The netminder turned himself into police on Wednesday night after a warrant had been issued for his arrest.
Though details were scarce as the news broke Wednesday night, the Denver Police Department has released the arrest warrant revealing Varlamov allegedly beat his girlfriend.
According to the report, Varlamov’s girlfriend, who was not named in the warrant, told an investigator that Varlamov kicked her in the chest, stomped on her and dragged her by her hair.
The victim also told the investigator that Varlamov said in Russian, “if this were Russia, I would have beat you more.”
Varlamov appeared in court this morning with his attorney and an interpreter.
The judge set his bond at $5,000, imposed a restraining order and gave him permission to travel.
Below is the arrest warrant for Varlamov.
What is next for Varlamov?
Varlamov is free at this time but that doesn’t necessarily mean he can return to work.
The NHL’s collective bargaining agreement with the players association allows the commissioner to suspend any player who is under criminal investigation.
Eric Macramalla, a legal analyst for TSN, says he doesn’t expect the NHL to suspend Varlamov.
“The NHL doesn’t have a history of suspending players pending an investigation,” said Macramalla.
“It is not really something that an employer can really do unless they have clear directive that they can do that and the NHL doesn’t.”
If any punishment were to be dealt out, Macramalla says it would be after a court ruling is made.
Where Varlamov could run into difficulty with continuing to play for the Avalanche is crossing the border.
“My initial reaction is he would have to apply to come into Canada, but it is usually a pretty straight forward process.” said Macramalla, noting Winnipeg Jets defenceman Dustin Byfuglien had to go through the same process following a DUI charge.
For now, Varlamov and everyone else will now have to wait for his day in court before anything from this situation will be solved.
“Domestic violence is always very serious offence and that is dealt at state level, we can’t assume someone is guilty because allegations are made and someone is arrested,” said Macramalla.

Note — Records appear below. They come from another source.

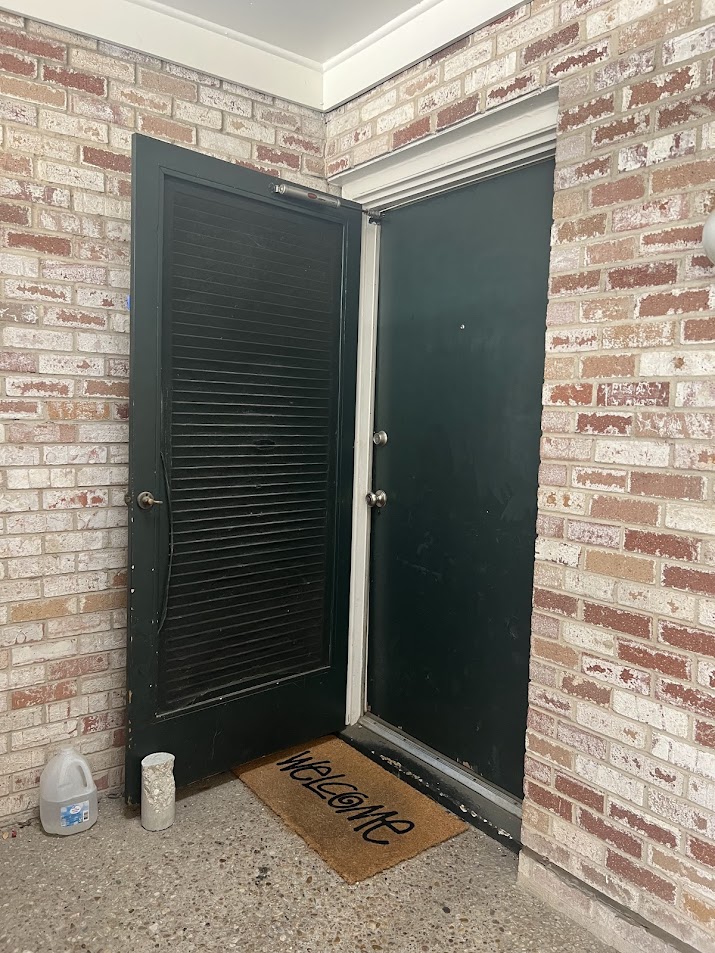 2704 San Pedro Street, Unit 2 Austin, TX 78705 - Photo 3 of 16 a view of an entrance to house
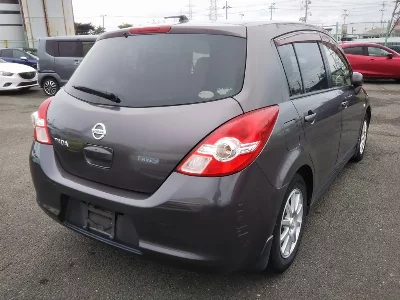 Nissan Tiida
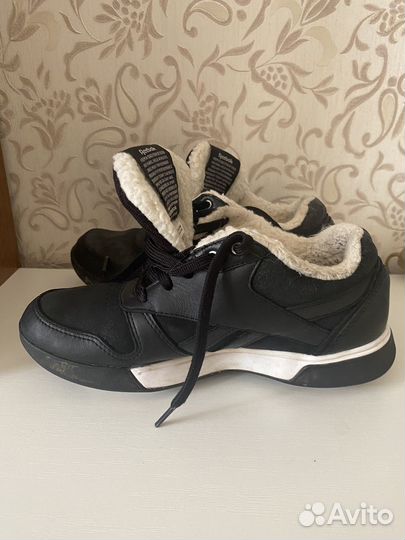 Кроссовки зимние женские 35 Reebok easytone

“In this case Semyon turned himself in and well the charge is serious it all turns on the evidence.”
The evidence will tell the story and while punishment changes from state to state, Macramalla doesn’t expect Varlamov to serve any time in prison.
“In cases like this often what you see is probation, if it’s someone first offence they don’t serve any jail time and are out on probation for a year or two,” said Macramalla.
“It would be a surprise to see him go to jail.”
Macramalla explained that the kidnapping charge is the one that could lead to the most trouble for Varlamov carrying with it 2-6 years of jail time, while the assault charge carries no minimum sentence.
Business as always
Following practice on Thursday, head coach and former Avalanche netminder Patrick Roy met with the media for his daily news conference and fielded questions on Varlamov.
“It is important for me as a coach I keep my focus on our team and we keep our focus there and at the same time we let the law decide what it’s going to be.”
Roy said he expects his team to be all business and not allow this to become a distraction.
“We are just going to do exactly what we have been doing all along,” said Roy. “We are going to focus on Dallas tomorrow, I mean that’s what our guys having been doing all year, we are certainly going to try and keep it the same.”
Reporters informed Roy that Varlamov was allowed to travel but Roy stated he would rather wait and see what decisions are made before making any projections.
At this time the Avalance had not called up a goaltender from their American League affiliate Lake Erie Monsters in replacement of Varlamov.